Em São Paulo
as coisas adequadas acontecem em doses. Goles de cidadania num mar de barbárie.
Chega a ser piada de mau gosto celebrar as episódicas viradas que tomam todo um
dia de fim de semana, cada uma. Otávio Augusto, imperador romano, ao menos dava
o panis com o circenses. Em São Paulo fica só o circo, porque a galinhada é pra
poucos.
Crianças fumam crack no bairro da Luz, um dos palcos de eventos como a Virada Cultural. |
A Virada
Cultural seria uma política perfeita, fosse a cidade amistosa com artistas e o
entretenimento mais acessível ao público.
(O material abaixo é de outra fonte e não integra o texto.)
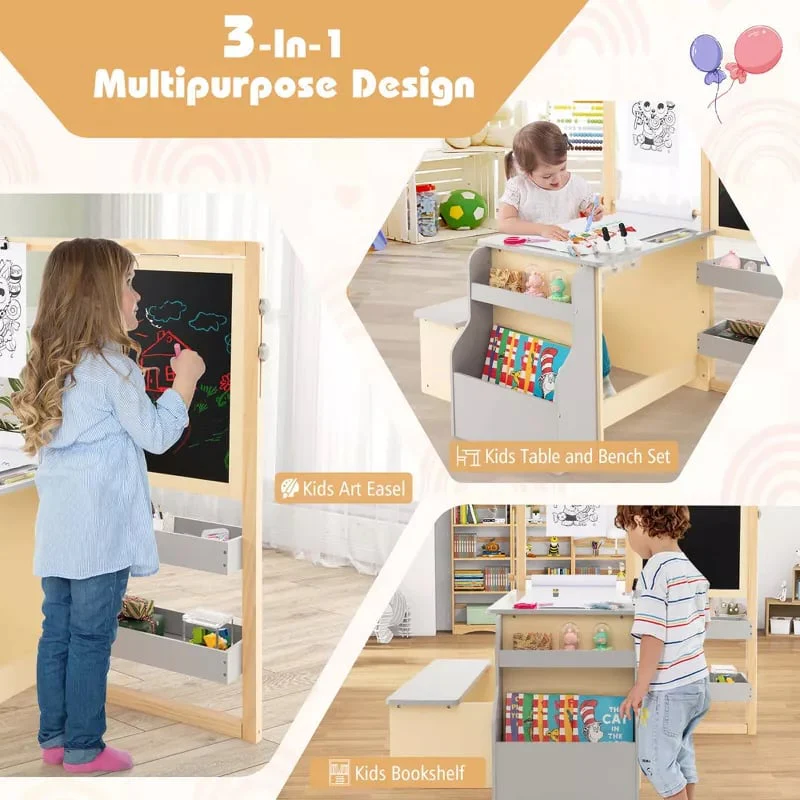 Kids Wooden Art Center Easel with Adjustable Double-Sided Blackboard & Whiteboard, Paper Roll, Toddler Art Table & Chair Set with Storage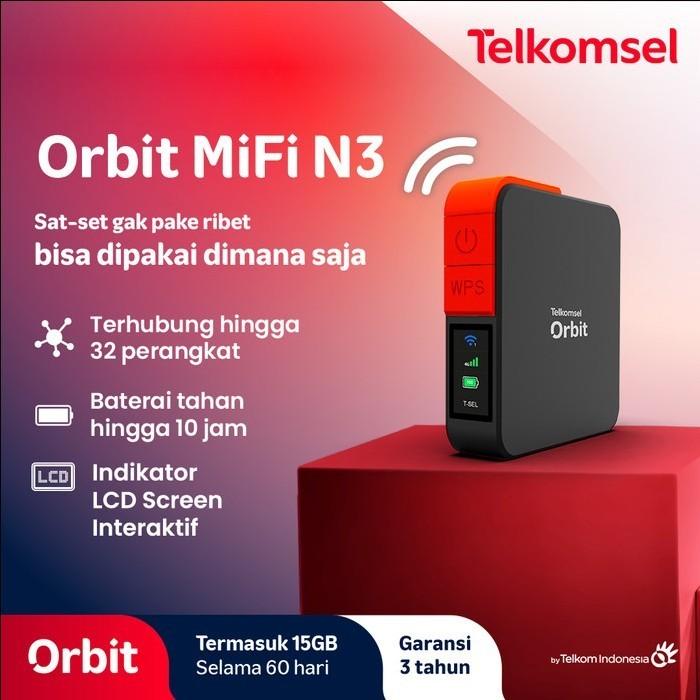 Gambar Telkomsel Orbit Mifi N3 Pro Portable Modem Wifi (Baterai Besar 3000 mAh) - Free 15GB untuk 60 hari 4G High Speed Bonus Data Garansi Resmi HKM 3 Tahun K449 - Faco Tech - Orbit Mifi N3 dari Faco Tech undefined Tokopedia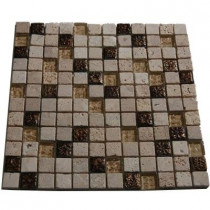 Splashback Tile Tapestry Hydraneum Mixed Materials with Copper Deco 12 in. x 12 in. x 8 mm Floor and Wall Tile
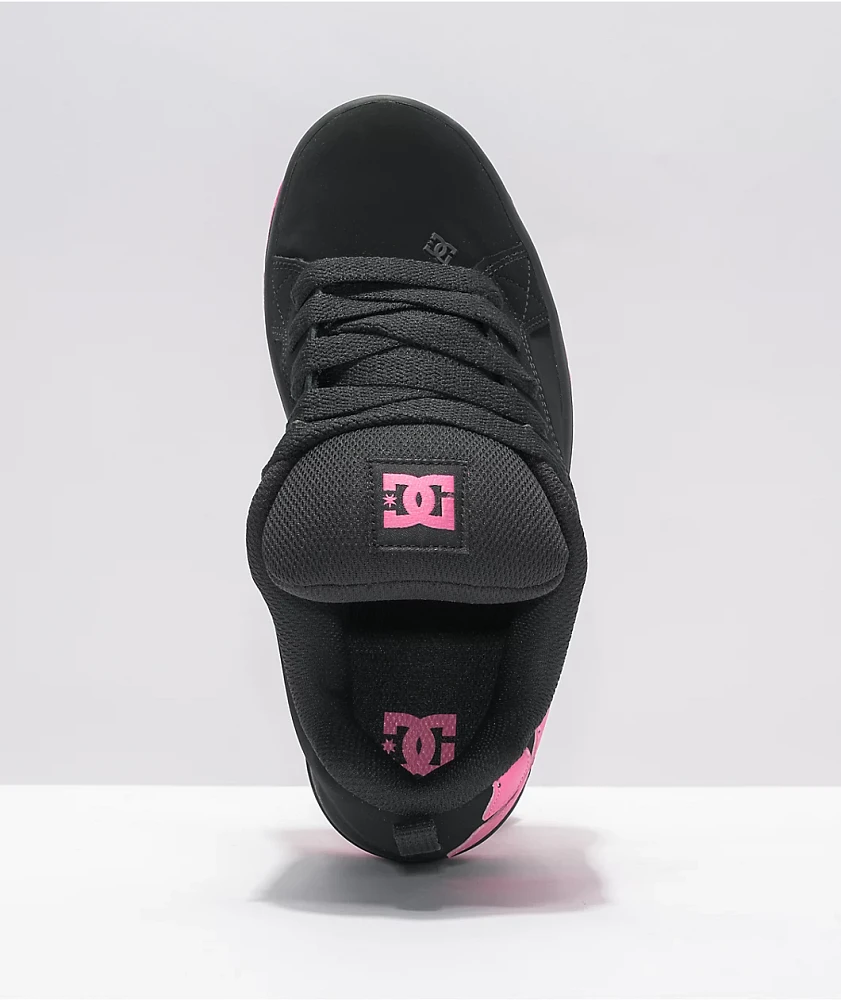 DC Kids Court Graffik Black & Hot Pink Skate Shoes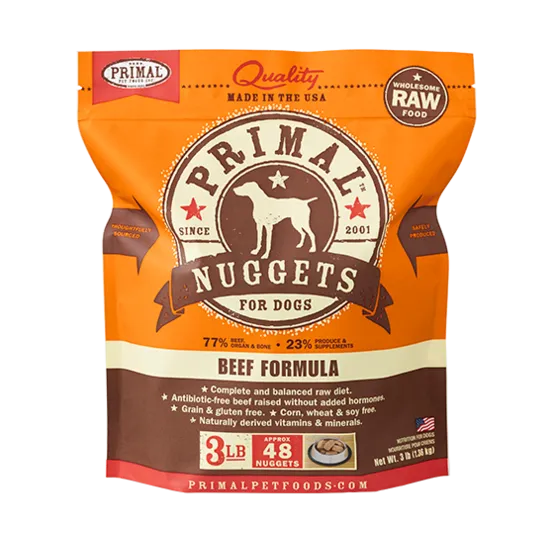 Primal Beef Nuggets Frozen Dog Food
Em outras partes do mundo,
funcionaria como estímulo à arte e cultura. Mas onde a divulgação de material de
artistas de rua já foi proibida pela alta cúpula municipal, a cultura fecha as
portas para muitos.
Contando
ainda com a dificuldade de acesso a teatros, museus et similia. Com políticas que evidenciam cada vez mais um potencial
de apartheid na Pauliceia, as opções
suburbanas de cultura se reduzem, na maioria das vezes, aos cinemas das grandes
redes, e olhe lá. A cultura é concentrada no centro, onde poucos têm realmente
acesso. O transporte público trafega em horários limitantes, além de taxis,
estacionamentos e ingressos que restringem a difusão da cultura por outras
partes da cidade.
O negócio
pra maioria é esperar a próxima dose da virada cultural, com ou sem a afamada
galinhada. Ou atentemos a candidatos que têm propostas reais para educação e
cultura para toda a cidade neste ano.
Os esportes
também ganham seus quinhões de atenção. A Virada Esportiva tem o propósito de
realizar atividades pela cidade. Temos arenas no Anhangabaú, onde normalmente
encontramos poças de urina, trabalhadores apressados e andarilhos numa cidade
sem alma. Além de outros pontos em que o esporte é estimulado, anualmente.
Mas nas
escolas públicas pouco se produz de incentivo ao esporte. O sistema CEU
implantado em outra gestão tem o intuito de levar à periferia um constante
trabalho de estímulo a atividades esportivas, artísticas e culturais, paralelas
à educação formal. No entanto é pouco. Com poucos parques e áreas verdes e
ludibriados sonhos de ciclovias, as opções são limitadas, sobretudo, a clubes
privados.
Continuemos
tendo como sinônimo de esporte a torcida pelo time, no sofá. Ou olhemos e
escolhemos com atenção iniciativas que já deram sucesso e podem trazer novo
fôlego esportivo à cidade, sem segregação, a partir deste ano.
Por fim, vem
aí a Virada Sustentável, de iniciativa privada, com exposições, oficinas e
demais atividades voltadas ao meio ambiente, direitos humanos, biodiversidade e
mudanças climáticas.
Ao menos uma
vez por ano, se a moda pegar. Pois pra uma cidade que assiste à gentrificação e
caça a dependentes químicos, a preferência da prefeitura pelo transporte
privado ao público, a ausência quase completa de coleta seletiva, que também
sofre com o reduzido número de áreas verdes, com o deslocamento da
criminalidade para a periferia, níveis de poluição e trânsito alarmantes, dentre
outros retrocessos sociais, não cabe, para essa cidade, o selo sustentável.
Assim, por
aqui as boas iniciativas são episódicas e carregadas de propaganda: circo. A
política pública paulistana é virada, só de viradas. No resto do ano a cultura
é cara, o esporte se reduz à academias e a sustentabilidade passa longe da selva
urbana. Já passou da hora de cultivar outra virada, também sustentável, a
partir deste ano.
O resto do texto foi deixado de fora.